In a similar vein, the California Supreme Court in People v. Leal (2004) 33 Cal.4th 999, 1007–1008, 16 Cal.Rptr.3d 869, 94 P.3d 1071, applied the plain meaning rule as follows:
“The statutory language of the provision defining ‘duress' in each of the rape statutes is clear and unambiguous. The definition of ‘duress' in both the rape and spousal rape statutes begins with the phrase, ‘As used in this section, “duress” means....' ( [Pen.Code,] §§ 261, subd. (b), 262, subd. (c).) This clear language belies any legislative intent to apply the definitions of ‘duress' in the rape and spousal rape statutes to any other sexual offenses.
“Starting from the premise that in 1990 the Legislature incorporated into the rape statute a definition of ‘duress' that already was in use for other sexual offenses, defendant argues that the Legislature must have intended its 1993 amendment of the definition of ‘duress' in the rape statute, and the incorporation of this new definition into the spousal rape statute, to apply as well to other sexual offenses that use the term ‘duress.’ Defendant observes: ‘The legislative history does not suggest any rationale for why the Legislature would want its 1993 amendment of the definition of “duress” to apply only to rape so that it would have one meaning when the rape statutes use the phrase “force, violence, duress, menace, or fear of immediate and unlawful bodily injury” but another, much more expansive meaning when the identical phrase is used in the statutes defining sodomy, lewd acts on a child, oral copulation and foreign object rape.’
“But the Legislature was not required to set forth its reasons for providing a different definition of ‘duress' for rape and spousal rape than has been used in other sexual offenses; it is clear that it did so. ‘When “ ‘statutory language is ... clear and unambiguous there is no need for construction, and courts should not indulge in it.’ ” [Citations.] The plain meaning of words in a statute may be disregarded only when that meaning is “ ‘repugnant to the general purview of the act,’ or for some other compelling reason....” [Citations.]' [Citation.] As we said in an analogous situation: ‘It is our task to construe, not to amend, the statute. “In the construction of a statute ... the office of the judge is simply to ascertain and declare what is in terms or in substance contained therein, not to insert what has been omitted or omit what has been inserted....” [Citation.] We may not, under the guise of construction, rewrite the law or give the words an effect different from the plain and direct import of the terms used.’ [Citation.]”
Because the Act had not previously defined the phrase “unreasonable risk of danger to public safety,” the definition in section 1170.18(c) cannot be repugnant or contradictory to the Act, nor is there a compelling reason not to apply the plain meaning rule here.
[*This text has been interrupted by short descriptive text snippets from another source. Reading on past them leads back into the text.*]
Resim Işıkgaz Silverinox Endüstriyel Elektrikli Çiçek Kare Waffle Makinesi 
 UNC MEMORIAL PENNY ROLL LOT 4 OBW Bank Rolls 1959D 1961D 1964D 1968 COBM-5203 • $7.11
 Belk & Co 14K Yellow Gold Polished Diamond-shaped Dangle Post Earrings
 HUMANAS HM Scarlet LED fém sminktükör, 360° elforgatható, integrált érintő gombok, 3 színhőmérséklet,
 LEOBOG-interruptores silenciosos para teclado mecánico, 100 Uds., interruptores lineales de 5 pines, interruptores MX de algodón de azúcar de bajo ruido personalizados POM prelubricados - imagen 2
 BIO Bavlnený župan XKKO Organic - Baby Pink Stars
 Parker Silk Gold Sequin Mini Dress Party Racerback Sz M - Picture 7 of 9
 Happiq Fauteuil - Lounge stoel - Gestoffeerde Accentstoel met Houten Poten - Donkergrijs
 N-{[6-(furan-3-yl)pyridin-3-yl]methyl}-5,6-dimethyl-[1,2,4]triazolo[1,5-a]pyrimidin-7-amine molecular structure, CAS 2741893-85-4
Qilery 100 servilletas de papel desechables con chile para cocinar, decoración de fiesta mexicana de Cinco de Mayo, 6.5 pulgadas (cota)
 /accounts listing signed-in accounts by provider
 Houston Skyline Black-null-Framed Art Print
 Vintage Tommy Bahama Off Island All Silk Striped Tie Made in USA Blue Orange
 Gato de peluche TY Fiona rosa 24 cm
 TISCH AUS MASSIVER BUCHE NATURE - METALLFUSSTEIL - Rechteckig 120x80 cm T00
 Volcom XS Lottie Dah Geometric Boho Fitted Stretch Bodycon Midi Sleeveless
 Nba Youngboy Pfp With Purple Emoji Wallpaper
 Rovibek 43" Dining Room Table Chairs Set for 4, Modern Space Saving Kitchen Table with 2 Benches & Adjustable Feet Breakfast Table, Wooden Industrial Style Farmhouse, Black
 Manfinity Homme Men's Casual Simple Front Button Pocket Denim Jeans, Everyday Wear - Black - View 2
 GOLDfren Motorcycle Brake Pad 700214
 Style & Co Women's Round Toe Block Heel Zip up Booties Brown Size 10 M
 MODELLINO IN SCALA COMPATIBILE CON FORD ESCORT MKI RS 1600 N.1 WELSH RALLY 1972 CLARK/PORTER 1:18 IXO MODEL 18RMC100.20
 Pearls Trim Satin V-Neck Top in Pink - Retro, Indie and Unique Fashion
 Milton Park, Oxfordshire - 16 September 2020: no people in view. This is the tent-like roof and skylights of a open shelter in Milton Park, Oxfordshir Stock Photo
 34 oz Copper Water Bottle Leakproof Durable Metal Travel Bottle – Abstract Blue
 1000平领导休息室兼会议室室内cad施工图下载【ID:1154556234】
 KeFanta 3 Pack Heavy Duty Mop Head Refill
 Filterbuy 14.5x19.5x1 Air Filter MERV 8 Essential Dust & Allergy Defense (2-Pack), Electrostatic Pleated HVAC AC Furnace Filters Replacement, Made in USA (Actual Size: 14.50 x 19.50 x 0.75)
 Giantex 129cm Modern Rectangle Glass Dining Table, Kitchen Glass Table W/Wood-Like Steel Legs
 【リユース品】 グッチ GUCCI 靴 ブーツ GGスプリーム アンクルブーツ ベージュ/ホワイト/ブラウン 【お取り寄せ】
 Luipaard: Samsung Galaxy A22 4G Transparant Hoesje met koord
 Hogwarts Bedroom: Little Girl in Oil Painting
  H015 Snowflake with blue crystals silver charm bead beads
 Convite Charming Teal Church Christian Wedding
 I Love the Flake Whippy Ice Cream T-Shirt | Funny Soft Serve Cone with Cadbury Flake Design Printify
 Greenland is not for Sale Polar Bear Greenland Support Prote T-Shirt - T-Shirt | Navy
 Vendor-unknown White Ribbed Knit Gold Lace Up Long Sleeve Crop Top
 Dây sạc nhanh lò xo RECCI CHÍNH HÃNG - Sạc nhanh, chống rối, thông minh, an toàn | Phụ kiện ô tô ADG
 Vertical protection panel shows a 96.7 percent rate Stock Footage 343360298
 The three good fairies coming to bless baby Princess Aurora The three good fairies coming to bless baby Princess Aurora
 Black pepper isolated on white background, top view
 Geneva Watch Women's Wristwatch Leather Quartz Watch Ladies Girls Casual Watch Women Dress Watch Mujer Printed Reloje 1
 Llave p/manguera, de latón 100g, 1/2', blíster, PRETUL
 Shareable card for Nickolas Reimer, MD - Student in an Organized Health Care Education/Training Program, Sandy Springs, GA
Consequently, this new definition would apply to any resentencing hearings under the Penal Code, including the Act, after November 4, 2014.
While I agree with the majority opinion that section 1170.18(c) has no retroactive application to pending appellate cases, because I conclude a remand for resentencing is necessary here, section 1170.18(c) would apply prospectively to such a resentencing hearing if held after November 4, 2014.